■ Data ■
################

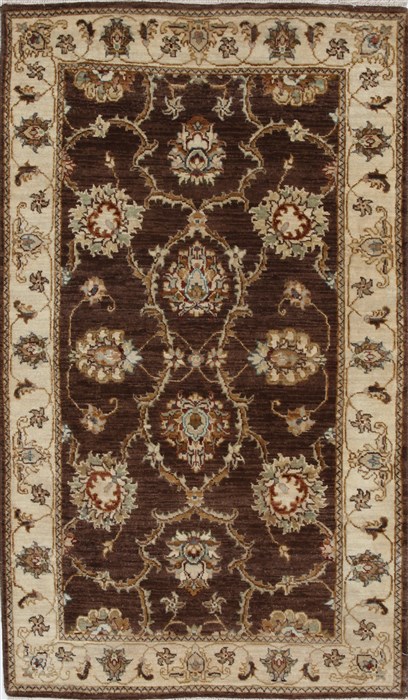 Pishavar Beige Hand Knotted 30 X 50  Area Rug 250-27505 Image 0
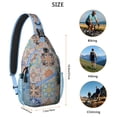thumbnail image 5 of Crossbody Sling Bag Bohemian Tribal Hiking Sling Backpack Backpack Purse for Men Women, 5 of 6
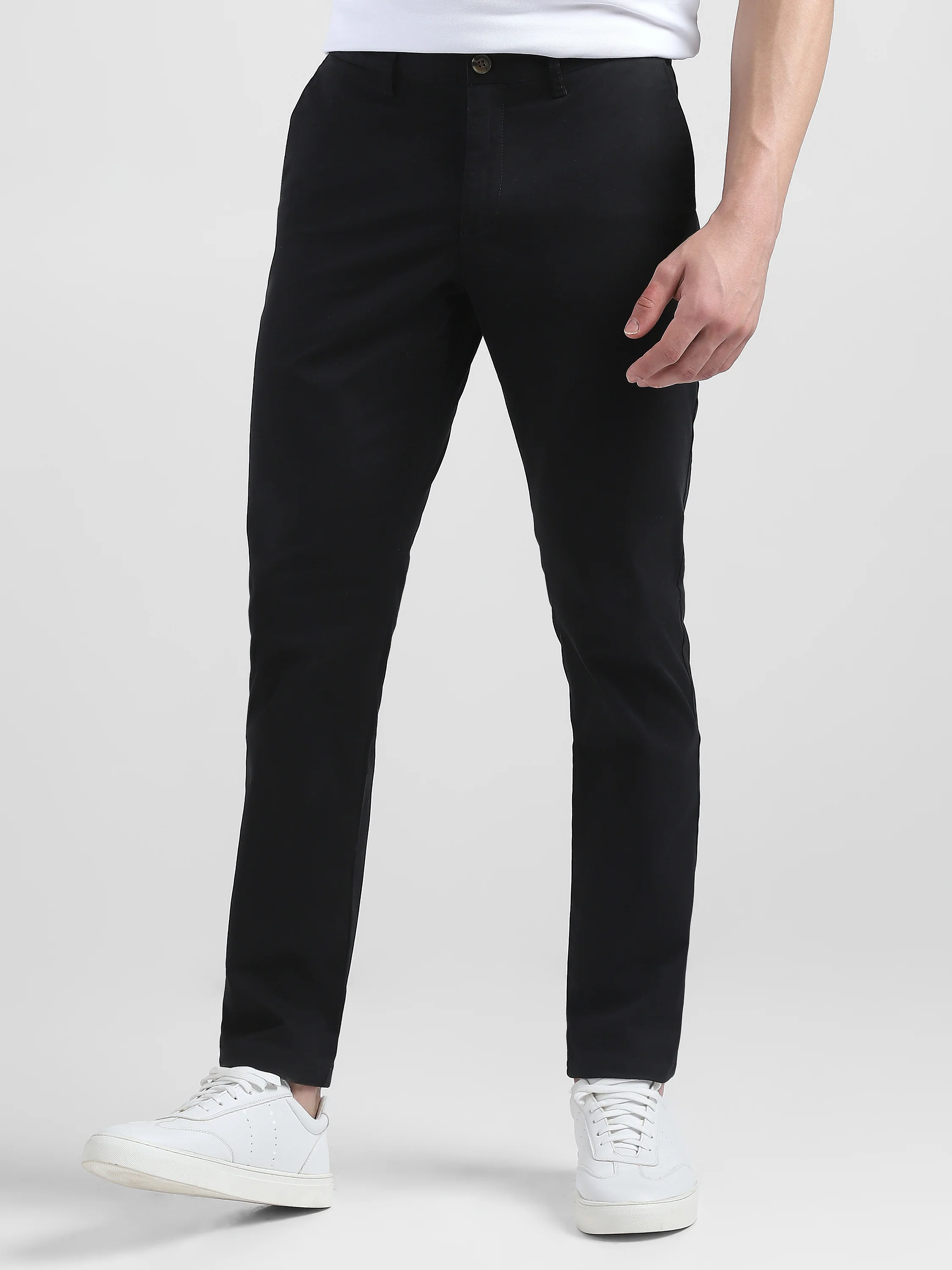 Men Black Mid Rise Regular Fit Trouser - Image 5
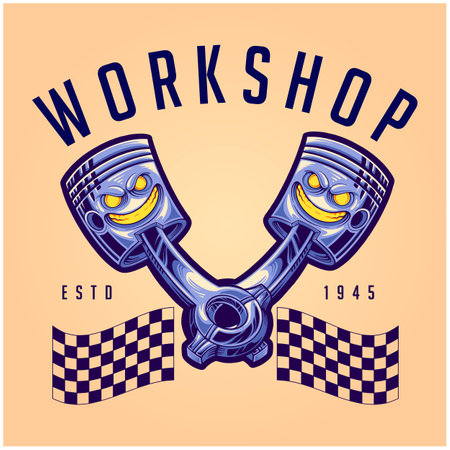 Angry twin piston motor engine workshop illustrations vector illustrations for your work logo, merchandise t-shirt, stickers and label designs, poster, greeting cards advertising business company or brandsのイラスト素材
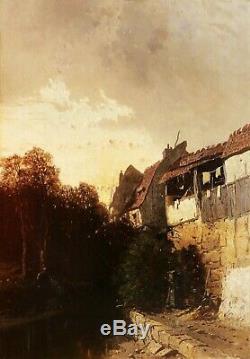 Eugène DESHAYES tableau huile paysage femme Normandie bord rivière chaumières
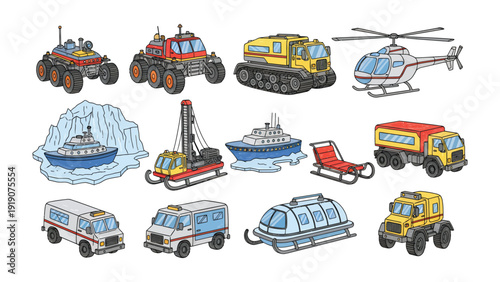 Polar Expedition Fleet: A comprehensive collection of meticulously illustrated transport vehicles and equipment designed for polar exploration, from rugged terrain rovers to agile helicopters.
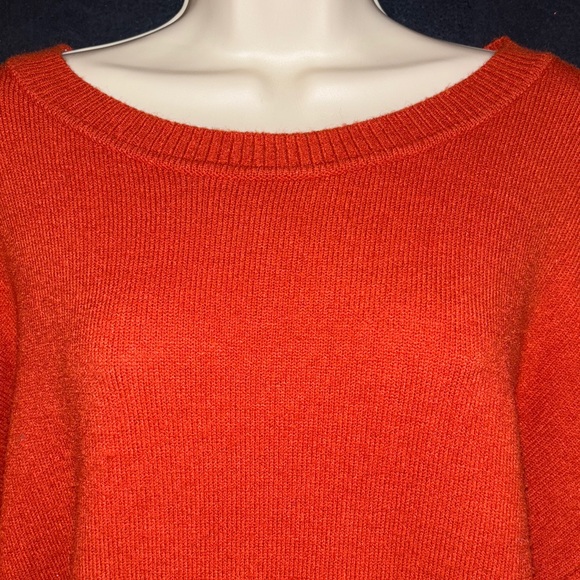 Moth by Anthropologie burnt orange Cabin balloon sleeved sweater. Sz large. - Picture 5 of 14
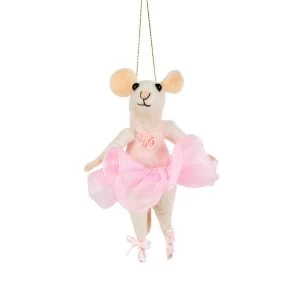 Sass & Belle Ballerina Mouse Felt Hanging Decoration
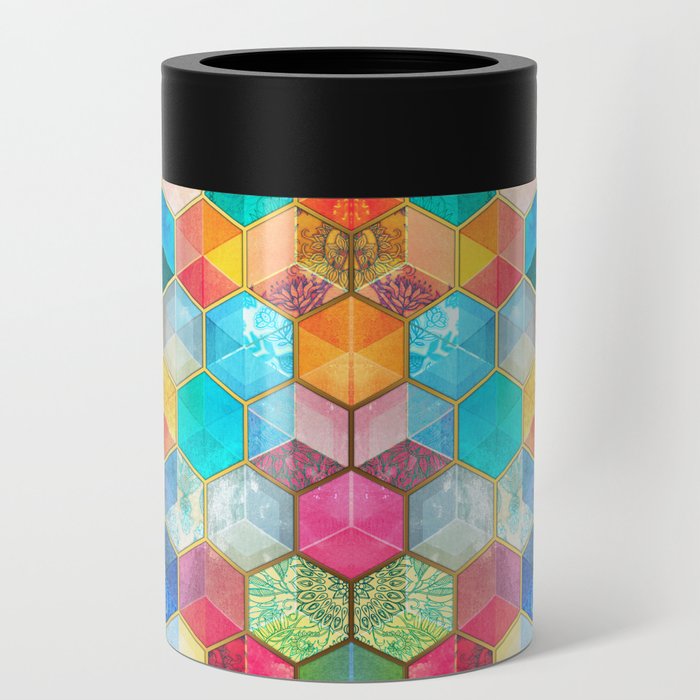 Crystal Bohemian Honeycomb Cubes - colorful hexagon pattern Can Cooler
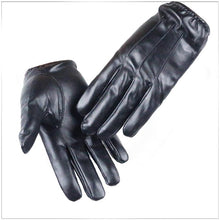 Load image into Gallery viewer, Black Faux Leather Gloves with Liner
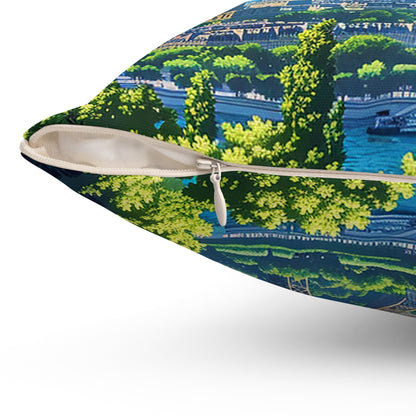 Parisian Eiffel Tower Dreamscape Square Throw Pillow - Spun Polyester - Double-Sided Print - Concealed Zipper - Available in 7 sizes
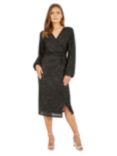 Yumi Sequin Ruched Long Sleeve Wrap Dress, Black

################

■ Activity ■
An exact copy of the listing is required, with every image removed.

■ Completed task ■
 Pishavar Beige Hand Knotted 30 X 50  Area Rug 250-27505 Image 0
thumbnail image 5 of Crossbody Sling Bag Bohemian Tribal Hiking Sling Backpack Backpack Purse for Men Women, 5 of 6
 Men Black Mid Rise Regular Fit Trouser - Image 5
 Angry twin piston motor engine workshop illustrations vector illustrations for your work logo, merchandise t-shirt, stickers and label designs, poster, greeting cards advertising business company or brandsのイラスト素材
 Eugène DESHAYES tableau huile paysage femme Normandie bord rivière chaumières
 Polar Expedition Fleet: A comprehensive collection of meticulously illustrated transport vehicles and equipment designed for polar exploration, from rugged terrain rovers to agile helicopters.
 Moth by Anthropologie burnt orange Cabin balloon sleeved sweater. Sz large. - Picture 5 of 14
 Sass & Belle Ballerina Mouse Felt Hanging Decoration
 Crystal Bohemian Honeycomb Cubes - colorful hexagon pattern Can Cooler
 Load image into Gallery viewer, Black Faux Leather Gloves with Liner
 Parisian Eiffel Tower Dreamscape Square Throw Pillow - Spun Polyester - Double-Sided Print - Concealed Zipper - Available in 7 sizes
 Yumi Sequin Ruched Long Sleeve Wrap Dress, Black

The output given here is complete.